Market shares of electricity retailers also changed. Power power PPC’s market share dropped below 60 percent for the first time in months, reaching 56.73 percent, down from 60.81 percent in September.

Protergia, a member of the Mytilineos group, gained from PPC’s loss, its market share climbing, for a second consecutive month, to 12.88 percent from 8.77 percent in September.

Heron maintained third place with a 7.31 percent market share, followed by Elpedison (6.50%), NRG (4.66%), Fysiko Aerio (2.32%), Volterra (2.29%), Watt & Volt (1.93%), Zenith (1.87%) and Volton (1.04%).

 

 

ESPEN wants power supply cuts for consumers on the move

ESPEN, the Greek Energy Suppliers Association, wants power supply cuts for consumers with unpaid power bills even if they have moved to a new supplier, citing serious energy-related debt issues caused by consumers shifts from one supplier to another to avoid settlement of unpaid bills.

According to sources, suppliers have experienced soaring unpaid receivables in recent times, consumers taking advantage of flexible market terms enabling shifts from one supplier to another, even with unpaid bills. Under the current rules, suppliers cannot order supply cuts to consumers with arrears.

More than 50 percent of unpaid receivables concerns customers who have switched electricity suppliers, according to market estimates.

Strong PPA demand prompts boost to 1,500-MW capacity

The energy ministry plans to boost a current 1,500-MW capacity made available to RES producers for Power Purchase Agreements with electricity suppliers or major-scale consumers as this capacity has been virtually exhausted due to robust demand. The extent of the capacity increase still remains unknown.

The large number of green investments being planned in Greece, along with medium-term electricity cost projections PPAs can offer electricity suppliers, are factors that have boosted demand for PPAs in recent months.

Demand would have been even higher if industrial consumers were not subject to a uniform ceiling on wholesale market compensation for green units.

Power grid operator IPTO is taking preliminary steps towards establishing a new priority list, expected in roughly one month.

Energy saving compensation for industry, incentives for households, businesses

Industrial enterprise compensation packages, offered through auctions, in exchange for lower energy consumption, and energy-saving incentives for households to be announced at the end of this month, have been included in a Greek plan aiming to achieve a European Commission order for a 5 percent reduction of electricity usage by all EU member states.

It will be up to each EU member state to decide on the details of respective formulas achieving the crisis measure’s objective set by the European Commission.

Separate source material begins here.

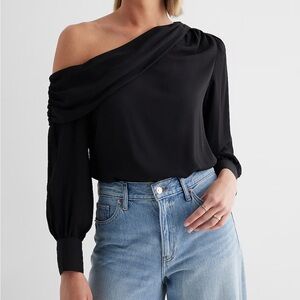 EXPRESS- ONE SHOULDER DRAPED BALLOON SLEEVE THONG BODYSUIT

The Greek plan is greatly relying on industrial players to embrace compensation packages to be offered through auctions.

Reduced energy usage by households and businesses will be optional as, contrary to other EU countries, smart meters, offering immediate online information on energy consumption, have yet to be installed in Greece.

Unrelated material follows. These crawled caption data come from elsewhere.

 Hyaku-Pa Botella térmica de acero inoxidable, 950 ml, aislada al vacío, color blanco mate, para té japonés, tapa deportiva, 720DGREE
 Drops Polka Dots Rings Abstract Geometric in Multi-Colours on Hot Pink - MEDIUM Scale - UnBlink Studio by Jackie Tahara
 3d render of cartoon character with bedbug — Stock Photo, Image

A promotional campaign encouraging households and businesses to use less electricity will be launched at the end of this month, immediately after the energy ministry has announced subsidy-related incentives.

 

Consumer confusion, distrust over supplier tariff offers

Many consumers are feeling confused about electricity tariff comparisons and how to go about determining the best supplier deals available in the market, a considerable number of enquiries expressed by energypress readers has indicated.

The confusion of consumers amid the energy crisis appears to have abounded despite the government’s recently introduced simplified system, through which suppliers announce the forthcoming month’s tariffs on a monthly basis. The net price for consumers results once state electricity subsidies have been subtracted.

Common questions asked by consumers include whether they should be on the constant lookout for lower-priced electricity offers, given the monthly tariff announcements by suppliers, which can fluctuate from month to month.

Consumers are also expressing insecurity as to where they should look for finalized, guaranteed price offers of suppliers, once the government’s subsidies have been deducted.

A price-comparison tool introduced by RAE, the Regulatory Authority for Energy, for this purpose does not appear to have convinced some consumers, or helped clarify the market picture for them, even though many consumers are aware of the tool’s existence and are using it.

 

 

Retail electricity market pressured by rise in unpaid bills

A rise in the number of overdue electricity bill payments, despite the government’s subsidy support and cash returns, received by consumers through a power pass plan, is increasing the pressure felt by suppliers in the retail electricity market.

According to a study conducted by consumer support group Ekpoizo, 17.6 percent of respondents have faced threats by suppliers for power cuts over the past three months, while 3.1 percent had their electricity cut.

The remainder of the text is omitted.